Darn…Cindy, I thought you were going to show me how to make some ‘no-bake’ oatmeal cookies! I was waiting for you to say that after you’d refrigerated the dough they were firm enough to eat, as is! Drat. I’m no Kitchenista either & am always looking for an easy-way out;-) PS Hours can literally fly by in the ‘online world’…in what seems like just a few minutes. It gets scary sometimes!

13 12 2011
cindydyer

Jan—if you ever find a recipe for no-bake cookies, PLEASE forward it to me. You remember the days when we were little and we could ACTUALLY EAT RAW COOKIE DOUGH? I looked at that dough longingly on Sunday. Ah, those were the days. On the evening news a day before, they had a newsbit on not eating cookie dough and why it was bad for you. I always thought it as because of the addition of the raw egg. Apparently it’s due to the flour, or so they speculate. Flour is an agricultural product that isn’t as regulated as other items. Who knew? Good thing we’re both great at gardening, huh? 😉

13 12 2011
thekingoftexas

As a youngster I cleaned the cookie mixing bowl one finger-load at a time (the social finger of the right hand). I mean, like, you know, when I was finished loading and licking the sweet dough and the wayward chocolate bits from my finger, the bowl could be returned unwashed to the cabinet shelf.

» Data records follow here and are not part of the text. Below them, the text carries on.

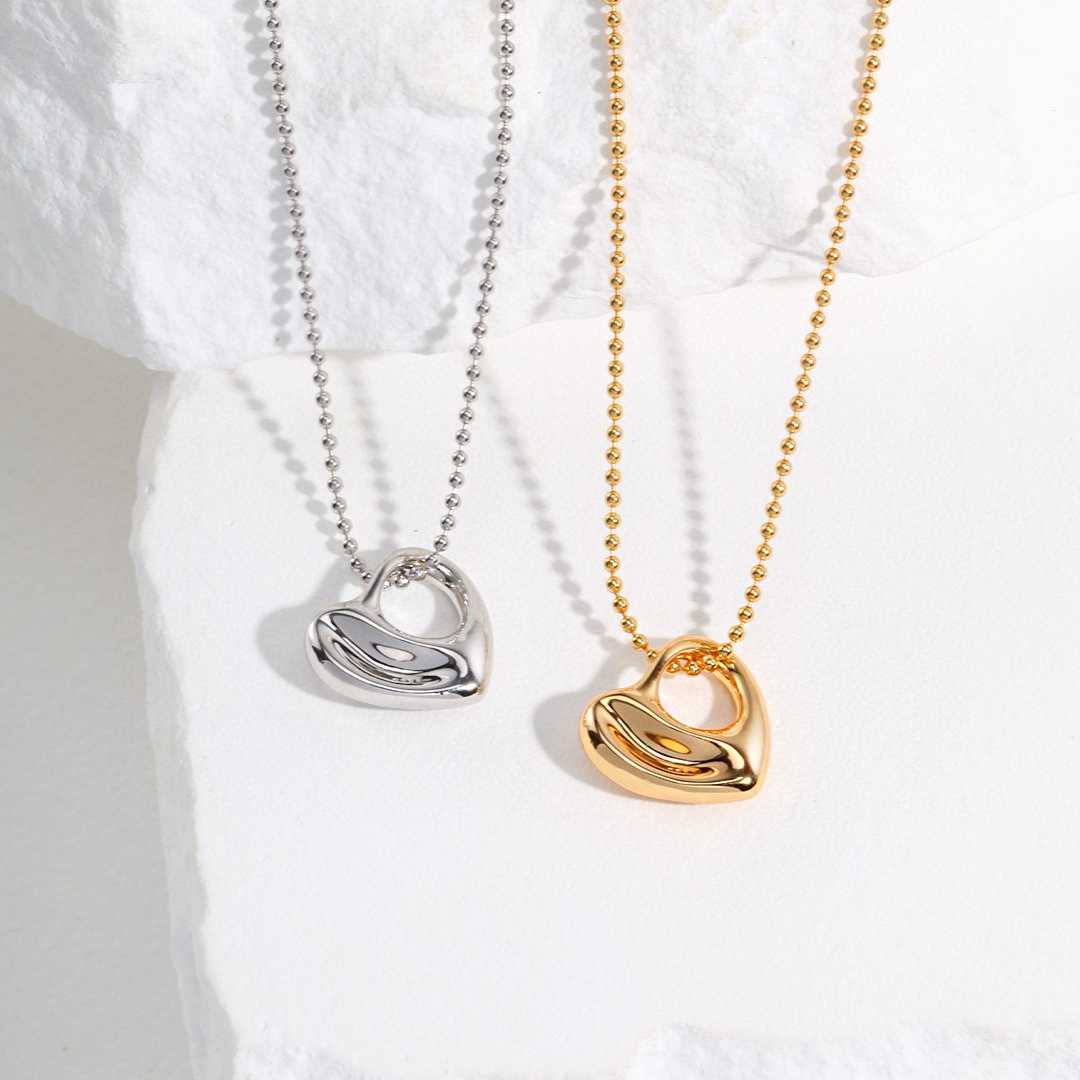 HOLLOW HEART PENDANT NECKLACE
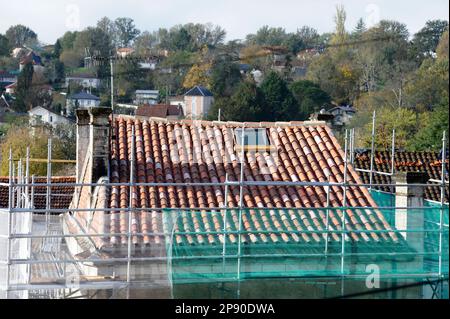 DACHDECKER BEI DER ARBEIT – RIBÉRAC DORDOGNE AQUITAINE FRANCE 2022-2023 © FRÉDÉRIC BEAUMONT Stockfoto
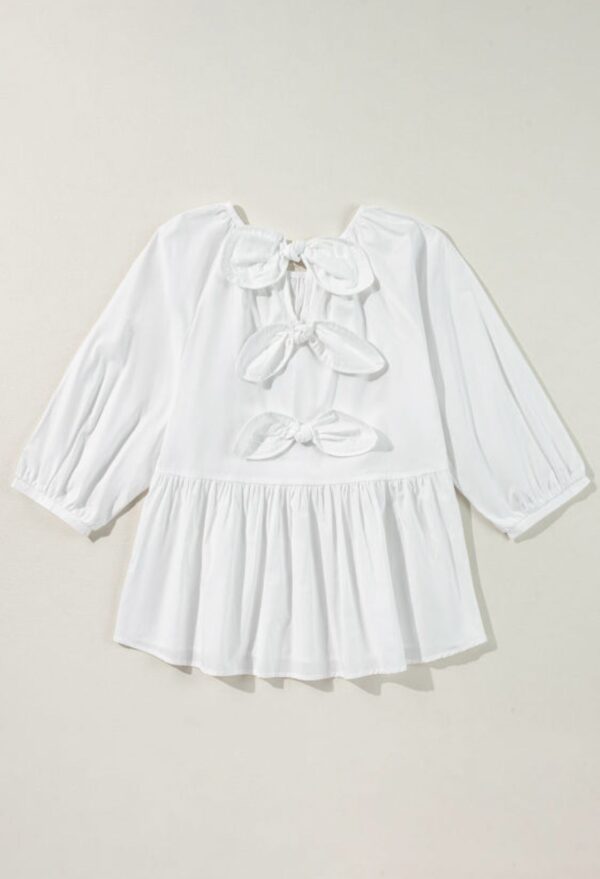 Blusa blanca con lazo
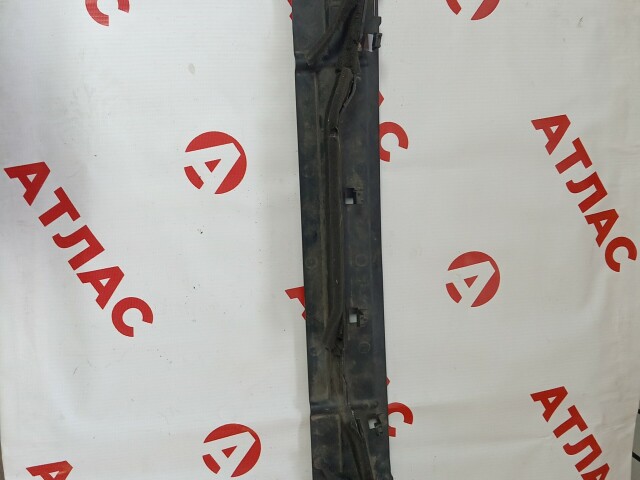 Накладка на радиатор TOYOTA Prius 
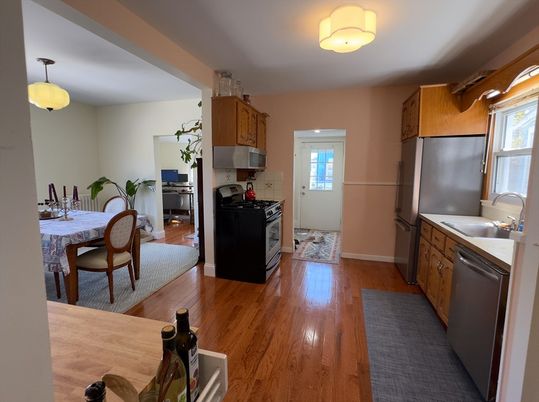 Dining room, Interior, Kitchen, Pendant Lights, Wood Texture Flooring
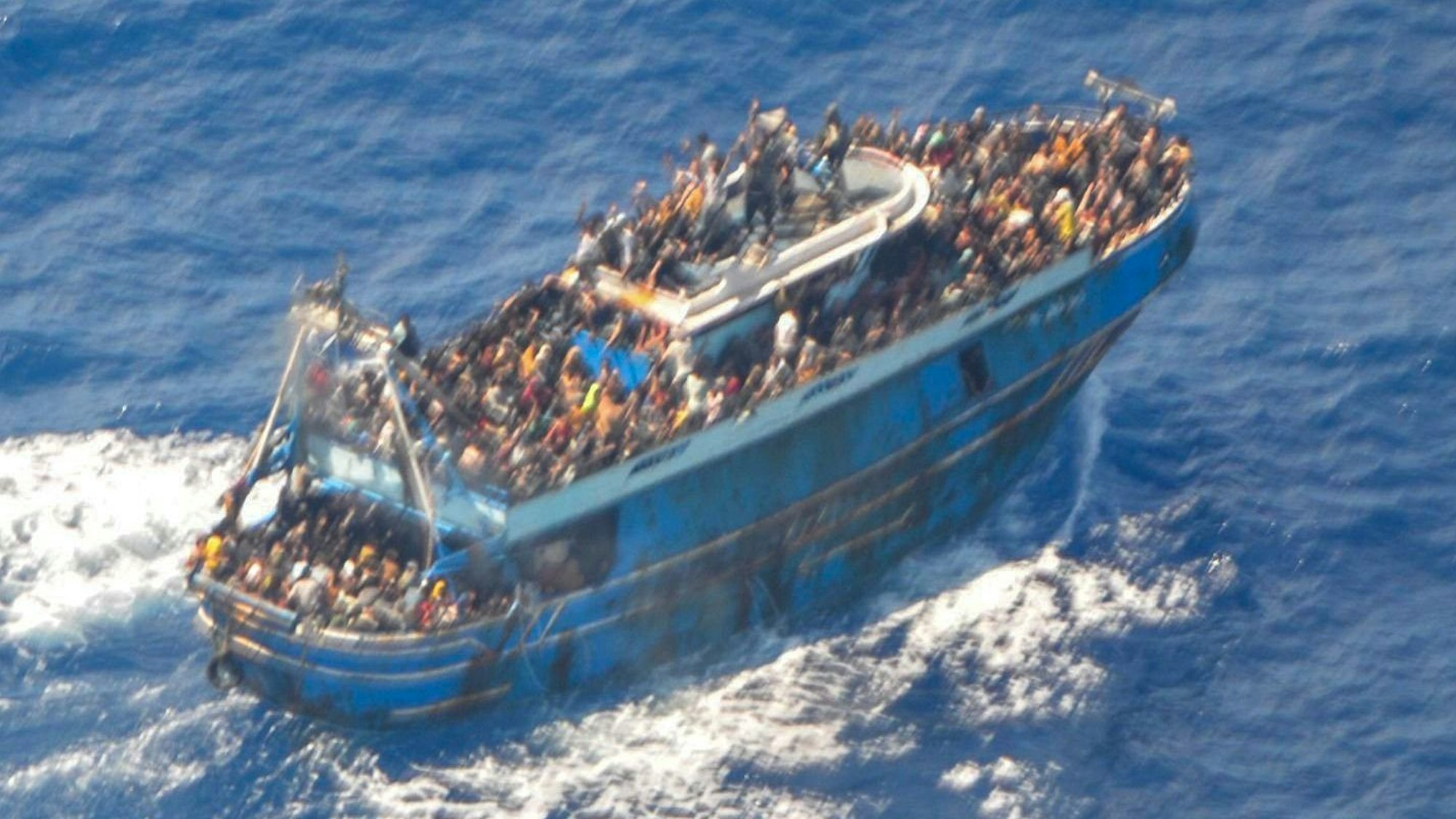 Zahlreiche Flüchtlinge sind auf dem völlig überfüllten Deck eines Fischerboots zu sehen, das später vor Südgriechenland kenterte und sank. Im Innenraum sollen noch zahlreiche weitere gewesen sein.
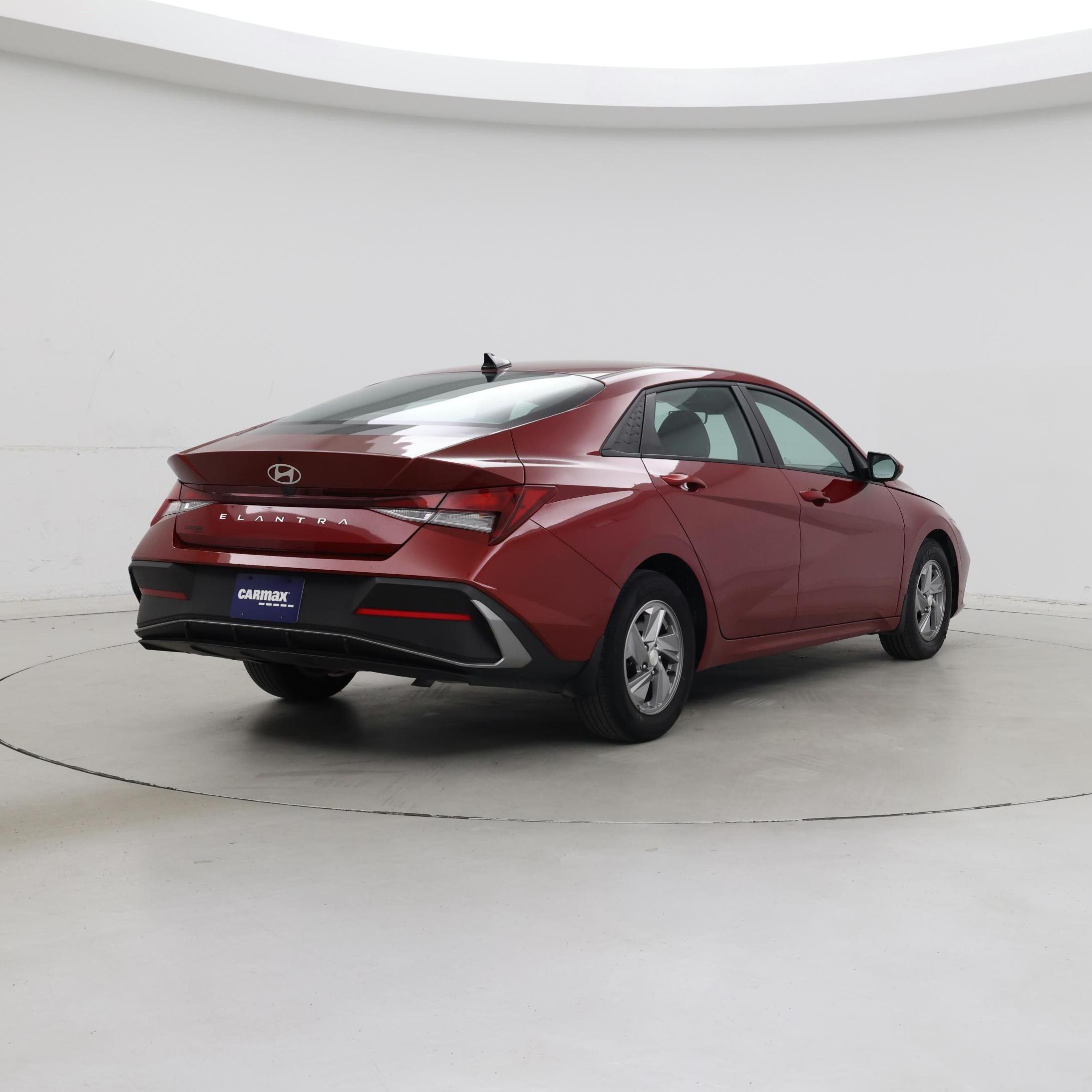Thumbnail: 2025 Hyundai Elantra - 8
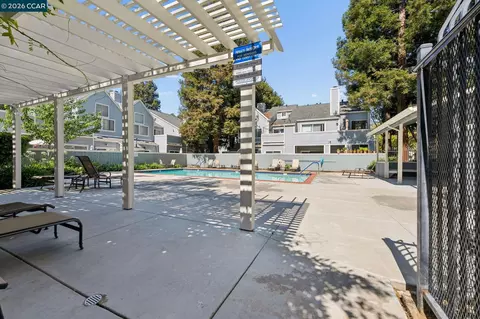 Exterior - 4536 Melody Dr #D, Concord, CA 94521 photo 4 of 5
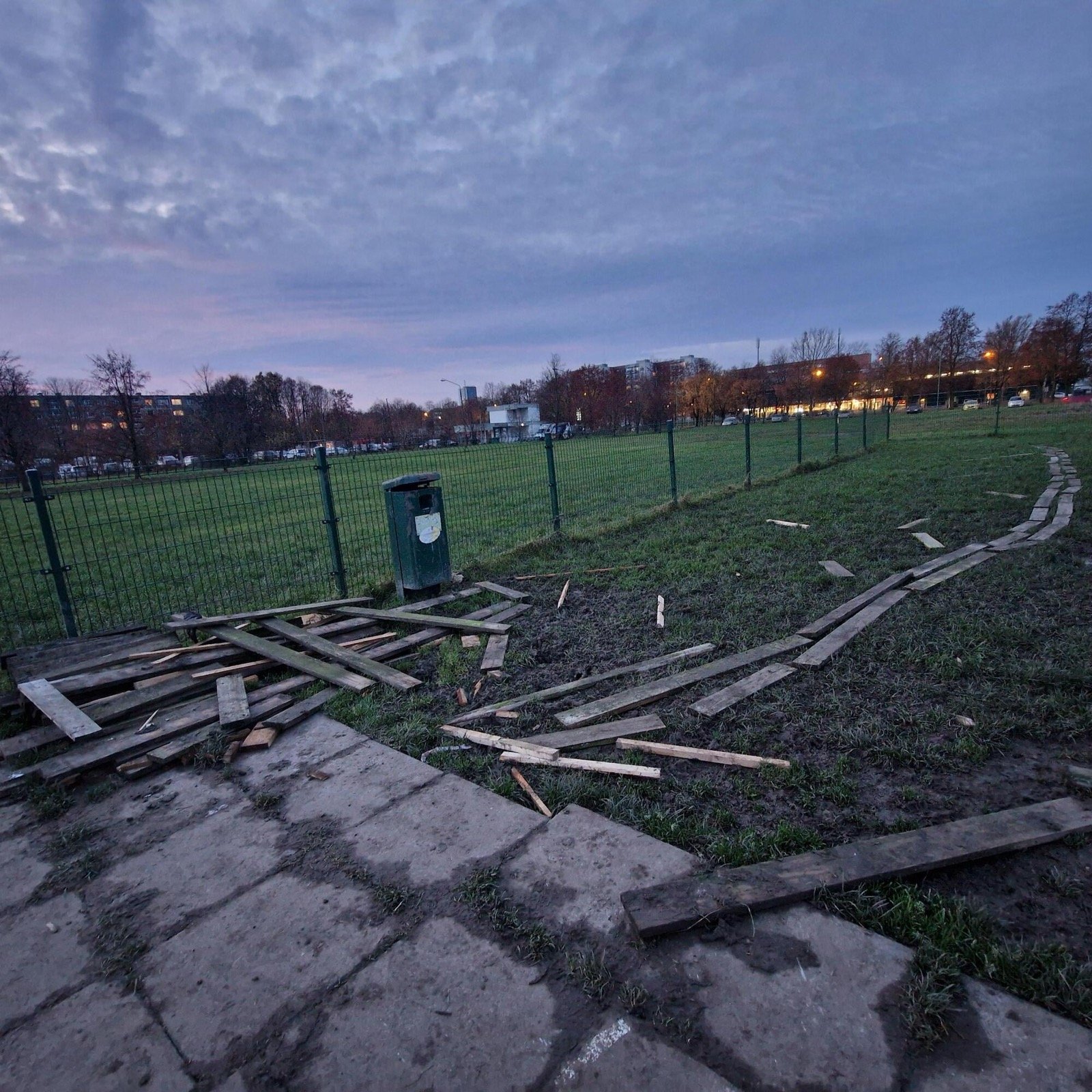 Šunų aikštelė Baltijos pr. (Gedminai) — nuotrauka 2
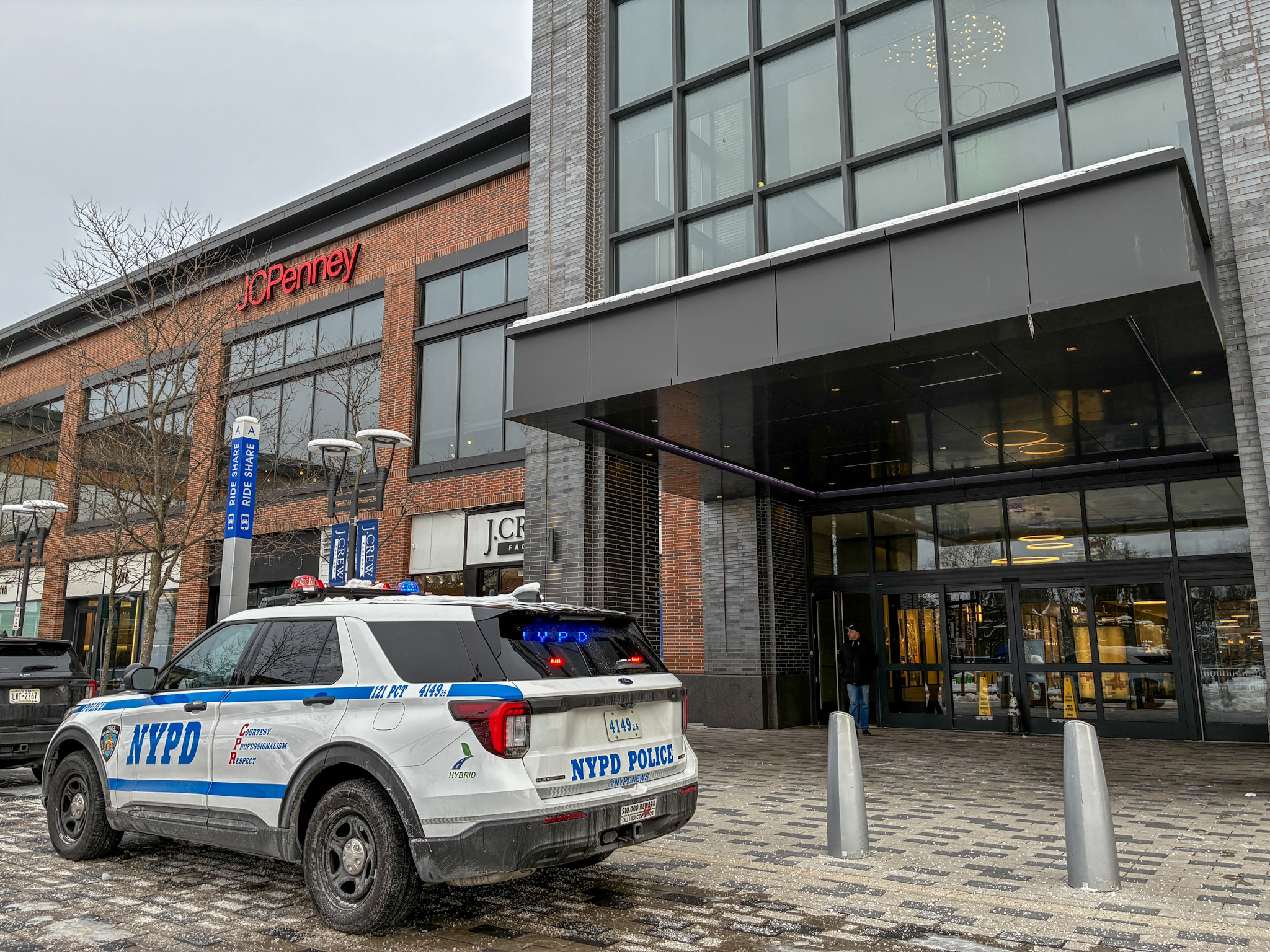 NYPD Assistant Chief Melissa Eger, the Staten Island borough commander, along with other members of the NYPD visited the Staten Island Mall in New Springville to speak with shopkeepers about the department's effort to reduce retail theft and overall crime in the mall during the holiday shopping season on Dec. 15, 2025.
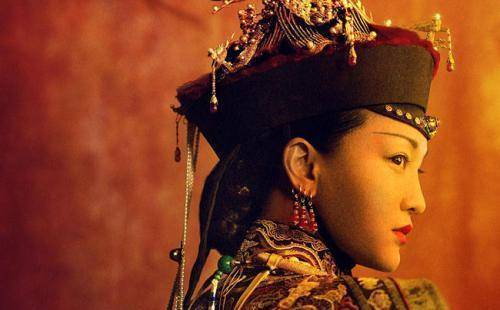 如懿传如懿拒收册宝不理皇上烧毁画像皇上大悟为时晚矣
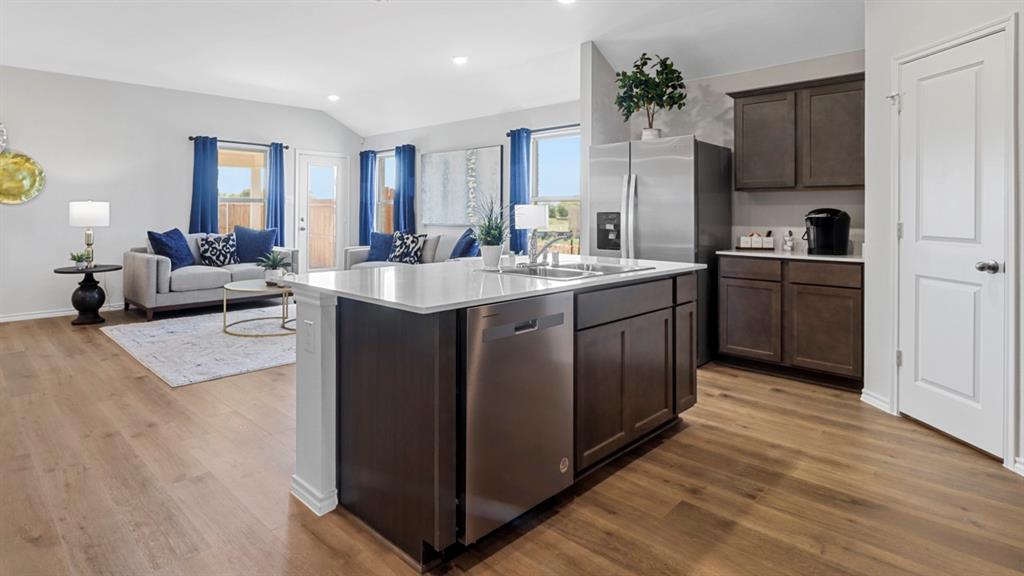Riverfield - Residential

I estimate that in my early preteen years I consumed enough raw cookie dough that had the cookies been baked and allowed to accumulate, they would have kept several Girl Scouts busy delivering cookies for several days, and it in no way affected me, affected me, affected me . . .

Nice photos and a great narrative. By the way, are you sure the black cookies were not enhanced with Mary Jane? I remember (vaguely) that such enhancement darkened them – some might consider them tainted, of course.

Hey, daughter Number 2, I’m joking, I’m joking!